En étant de l’épreuve par équipe, la judokate se qualifie automatiquement à l’épreuve individuelle.

La chance après la malchance

L’athlète de 28 ans est profondément reconnaissante de cette chance qui s’offre à elle, alors que les Jeux de Paris ne devaient pas être ses premiers.

«Tout allait bien en 2015, j’étais au meilleur de ma forme physique. J’ai fait les championnats canadiens, c’est mon 6e titre de championne canadienne, mais lors de cet événement, j’ai testé positive pour du salbutamol», rappelle-t-elle.

Ont suivi une suspension de deux ans, un appel rejeté, la perte de subventions en tant qu’athlète breveté, de son statut d’étudiante-athlète, ainsi qu’une interdiction de s’entraîner en centre national.

Du salbutamol, il y en avait dans sa pompe d’asthme. «Je suis asthmatique, j’ai tous mes documents comme quoi je dois prendre mes pompes avant un effort physique pour éviter des crises d’asthme. Lors de cet événement, j’ai fait le même processus que d’habitude, mais j’ai testé positive», indique-t-elle.

Cet épisode, la judokate le décrit comme le plus difficile, le plus traumatisant de sa vie, celui qu’elle a été longtemps incapable de raconter sans pleurer. Celui qui l’a rendu incapable de regarder les Jeux olympiques par la suite.

 

Ana Laura Portuondo Isasi a longtemps cru que son rêve olympique ne serait jamais réalisé. (Photo: Le Courrier du Sud ‒ Michel Hersir)

 

La fin et le retour

Après sa suspension, Ana Laura Portuondo Isasi est revenue à la compétition. Elle avait l’impression que si elle ne le faisait pas, elle capitulait devant son test positif.

«Je ne me suis pas dopée, je tiens ça jusqu’à la mort», assure l’athlète.

De retour sur les tapis en 2017, l’objectif était donc de se qualifier pour Tokyo 2020. Mais au cours des championnats du monde à Budapest en 2017, elle subit une commotion cérébrale, elle qui a un historique en la matière. Les docteurs lui conseillent d’arrêter tout sport de contact.

Ce qu’elle fera pendant six années. Le rêve olympique était à toutes fins terminé.

«Moi, je pensais que c’était fini, mais ma sœur m’a encouragée. Elle m’a dit : " je me sens tellement triste quand je t’entends parler de judo, parce que c’est amer pour toi.

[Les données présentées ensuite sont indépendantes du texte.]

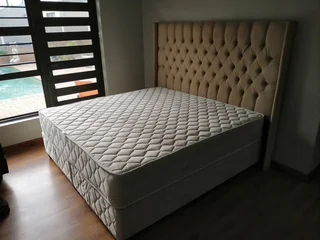 QUALITY BEDS/MATTRESSES/HEADBOARDS &amp; STORAGE OTTOMANS &#64; FACTORY PRICES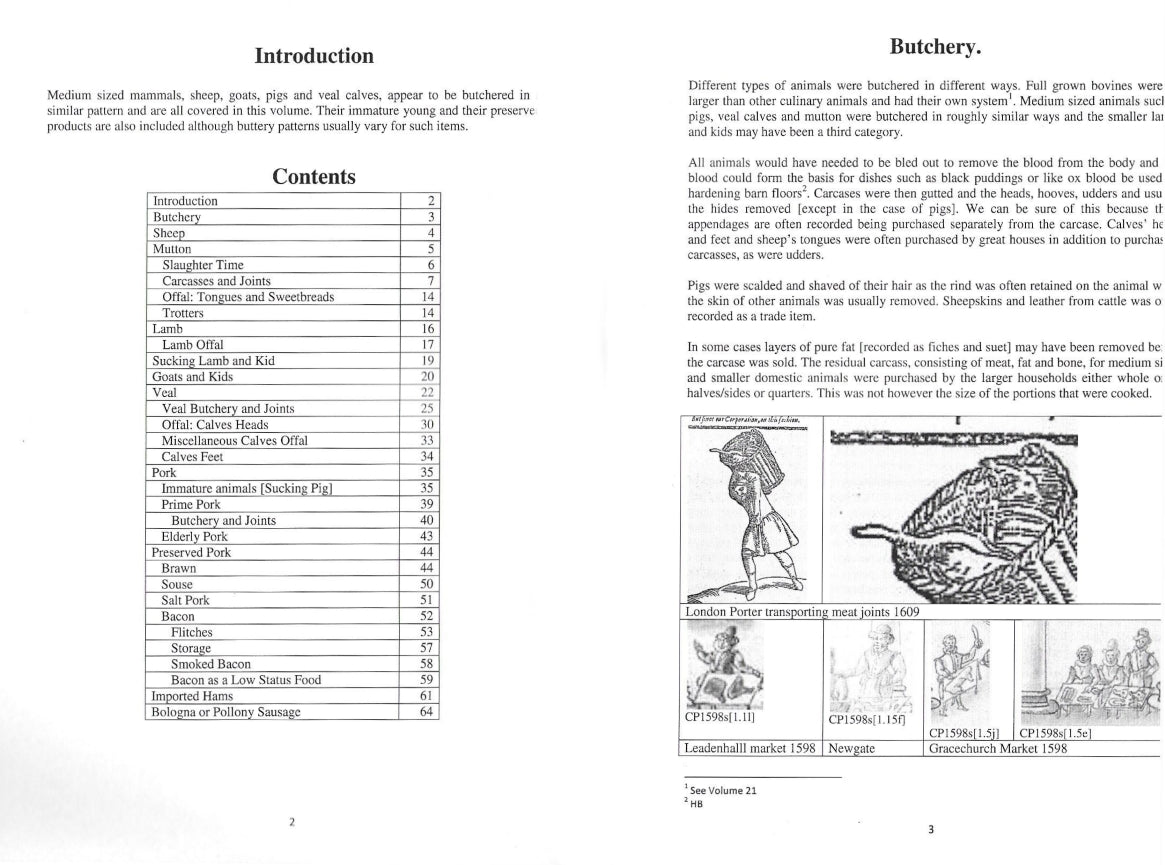 Medium Sized Mammals: Mutton, Lamb, Goat, Kid, Veal and Pork – Kitchen ...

Fais juste essayer, tu te le dois pour tout ce qui t’es arrivé"», souligne-t-elle, sachant en outre qu’il y avait une mince possibilité d’une qualification par l’épreuve d’équipe.

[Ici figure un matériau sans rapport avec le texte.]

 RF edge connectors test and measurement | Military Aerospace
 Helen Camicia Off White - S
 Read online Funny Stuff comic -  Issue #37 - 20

De plus, un retour à la compétition lui offrait la chance de changer le narratif, «d’écraser» les articles de presse sur sa suspension.

À la mi-octobre 2023, la Laprairienne a donc contacté la haute performance pour voir ce qu’elle devait faire pour revenir à la compétition. Elle a participé à trois événements avant la fin de l’année et les remporte tous les trois.

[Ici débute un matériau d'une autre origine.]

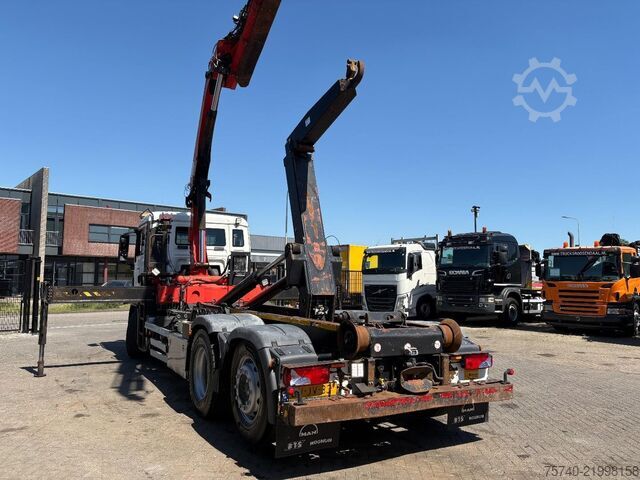 Autogru MAN TGS 26.320 + 6x4 FRONT TRACTION + STEERING/LIFT...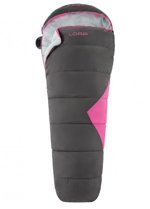 spacák LOAP PHASE L šedo/růžový pravý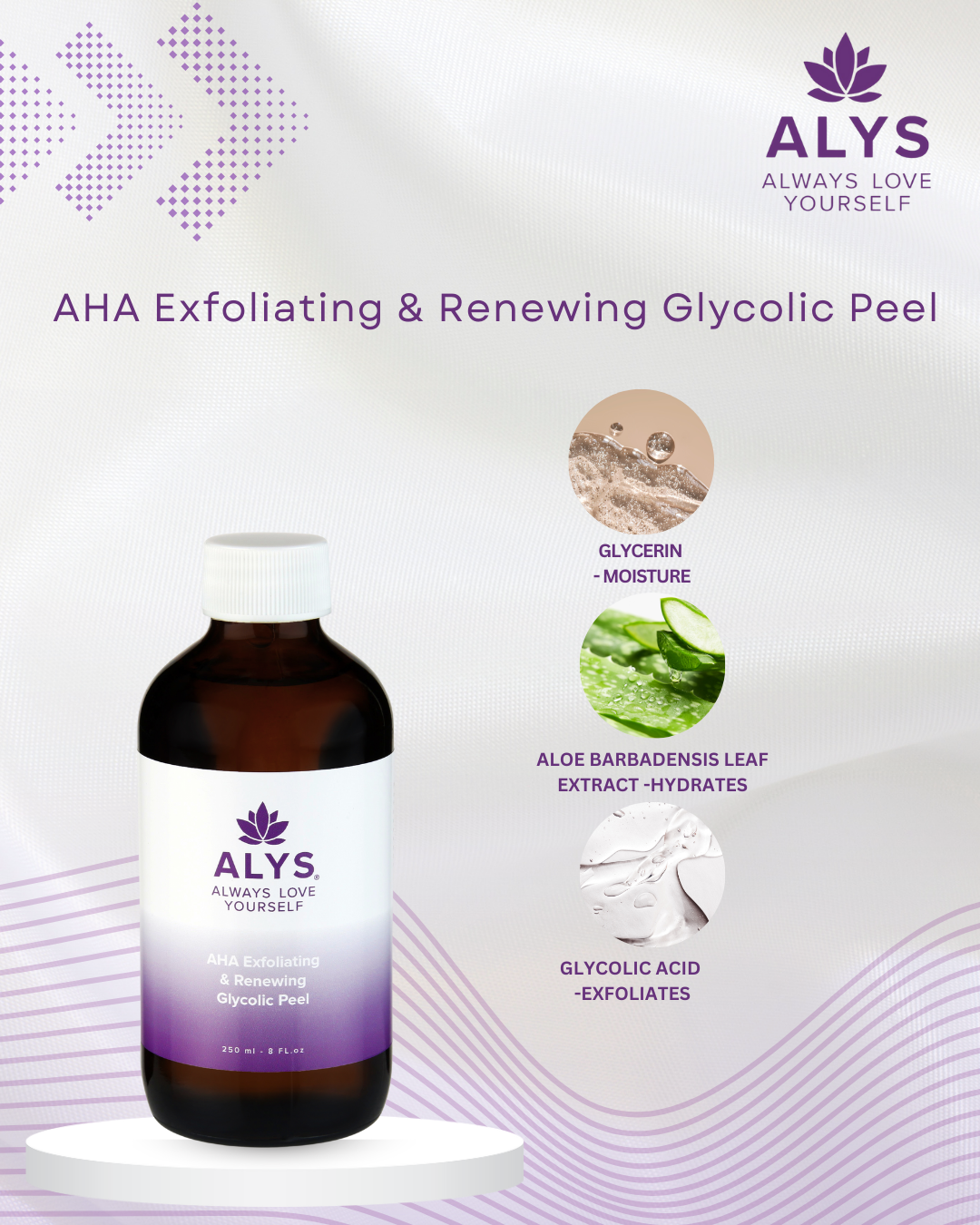 AHA Exfoliating &amp; Renewing Glycolic Peel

«Je suis toujours asthmatique», rappelle-t-elle. Mais la pompe d’asthme restera bien rangée tant qu’elle fera de la compétition.

Un accomplissement, mais pas le dernier

De retour sur la scène internationale au début 2024, elle prend part à quatre compétitions et remporte notamment la médaille d’argent aux championnats panaméricains, battant au passage l’une de ses idoles, la cubaine Idalys Ortiz.

À la fin juin, elle est confirmée sur l’équipe olympique.

«Je veux me battre, je veux donner un bon show. Je veux être fière quand je vais finir cette expérience.»

– Ana Laura Portuondo Isasi, à propos des Jeux de Paris

«C’est comme si c’est venu rallumer une certaine flamme, un désir, une passion que je pensais perdue. Donc pour moi, juste d’y aller, c’est ma médaille. Je suis très reconnaissante, mais aussi contente de m‘être laissé la chance de le réessayer», soutient la judokate.

Sa qualification, elle la considère comme le plus grand accomplissement de sa vie. Ainsi, ira-t-elle à Paris avec le sentiment du devoir déjà accompli? Pas exactement.

«Je veux une médaille! Je sais que ç’a l’air fou pour certaines personnes, mais j’y crois, je pense que je peux faire une médaille, que je peux performer. Et je le dis en toute humilité. Je n’ai plus les mêmes habiletés que quand j’avais 18 ans, mon corps réagit différemment, ma récupération n’est plus la même. Plein de facteurs ont changé. Par contre, j’y crois!» affirme avec confiance Ana Laura Portuondo Isasi.

C’est ainsi que le 2 août, elle foulera les tapis de Paris la tête haute, prête à saisir sa chance.